Safe Polybus' every account describe a "gymnastic" nudity, that is further precised to prevent being understood as nakedness, and could rather be understood as a lack of torso protection : possibly naked, but probably in the sense of "lightly equipped" as with woolen or linen clothes as both represented in Gaulish sculpture (there with an upper protection, probably leathered or similar to linothorax armors) : Galatai/Galli would simply not have much torso protection. Even in late independent Gaul where mail armor was relatively more common for part of the troops, most of the armies (especially with a seemingly democratization of warfare by the IInd century) were likewise equipped of linen or woolen clothes wicker shields and some leather protections.
Polybus account itself is quite interesting : not only does it stresses that Gaisatai (Gaulish mercenaries) fought entierely naked, but also points that other Galatai fought with their usual light equipment, but that the formers discarded these not just as a display of confidence but also to fight more practically in a difficult ground. This would make a lot of sense tactically, as light infantry in ancient warfare tended to be both front of the lines and quite mobile in harassing the ennemy.
That we're talking of mercenaries there might be particularily relevant, as these were often made of bands of young men or poorer warriors anxious to proove themselves by gaining wealth, valour and social status in warfare : the display of confidence could be interpreted as a cultural or religious act bearing the likeness of heroics, youthful, divine-like warriors.
While restricting "fighting nakedness to young mercenaries would be pretty much speculative, it remains the main context we have for that on the mainland : possibly it was practiced elsewhere and by other warriors, but we lack evidence for that and it's hard not to consider that ancient authors, otherwise always searching for exotic and saucy details, did not mention them (such as Caesar in DBG) because it simply wasn't widely practiced enough.
It wasn't the end of the trope, however, and it found a new life in the description of northern peoples, as Germani (Tacitus, Germania, VI)^(5) , with their bodies painted over (Tacitus, Germania, XLIII)^(6) and bearing (sometimes barely) pants.
It is in this long-established representative context that the sources mentioned for ancient Britain by the article have to be understood and ,certainly, not acritically : both Caesar and Strabo stress that the lifestyle of southern Brittons were roughly the same than Gauls (we otherwise known being fashion-victims for coloufrul and quality clothes) and we have a broad description of Boudica's attire (Cassius Dio; History; LXII-2)^(7), elements that are corroborated by rare archeological evidence, such as the Bronze Age textiles found near Whitlesea (Cambridgeshire, England); or Amcotts Moor Woman' shoe (Lincolnshire) to which could be added the Baronstown West Man (County Kildare, Ireland) and his leather cloak; that would point that Brittons, indeed, probably didn't run around with their private parts for the world to see.
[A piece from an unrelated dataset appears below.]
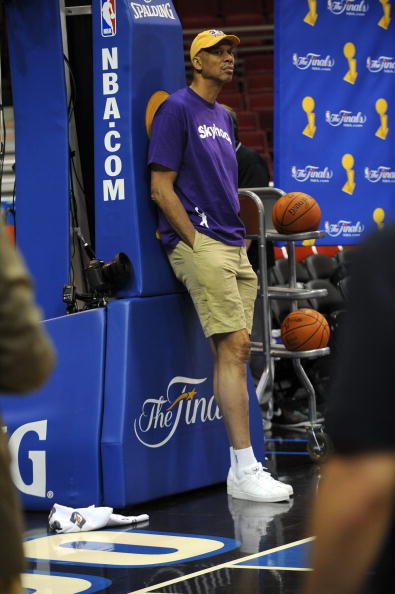 布斯克茨谈退役：我知道时间不多了，参与俱乐部成长是荣幸（布斯克茨谈挂靴：自知时光有限，能与俱乐部一同成长深感荣幸）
Note that these quotes do not concerns ancient Britain as a whole, however, but the indomitable Brittons that still holds out against the invaders northern Brittons that live besides the Roman province, peoples so remote from Roman rule, so poor and undevelloped that they're barely societies or even humans at all : certainly not worth the trouble invading them and turning them into something resembling Romans. It doesn't proove that these northernmost Brittons did not practiced heroic nakedness, especially in displaying body decorations (probably more body painting than tattoos, altough this is far from clear) and in context of raiding and warfare with Romans: unfortunately we don't have representation of indigenous peoples until the VIIth century (altough they seem pretty much not nude at this point).
Does that means "naked fighting" and "barbaric nakedness" were just Roman ethnographic clichés, carried over modern historical (mis)conceptions? While there are archeological and historical evidence for it, but set in a Roman representation of the Barbarian, uncivilized and far too remote from normalcy to ever be worth conquering or turning into real men; mixing elements from different social, military and even chronological contexts into a stereotype; with each author cannibalizing their predecessors' work (as it is quite obvious with Herodian) until a mangled cliché emerges from it, altough with the legitimacy classical litterary tradition got in modern eyes.
As such, it's not necessarily much more accurate than figuring Frenchmen as wearing striped shirts, a beret firmly put on their heads, smoking cigarettes in their Citroën 2CV, a baguette in the backseat waiting for the demonstration being over, to see a mime show. It's not that nothing of these do or did not exist, but the picture isn't real for that.
The success of such representations (as "Celtic" body painting) can be attributed to both their litterary fortune and the axiety of western cultures to set themselves in the cultural shadow of Romanity, with a popularized figuration of the Barbarian as barely clothed, foolishly brave, covered with "tribal" or "ethnic" tattoos of greater spiritual meaning, as the very recent representation of Ambiorix in Civilization VI new DLC is a perfect exemple of.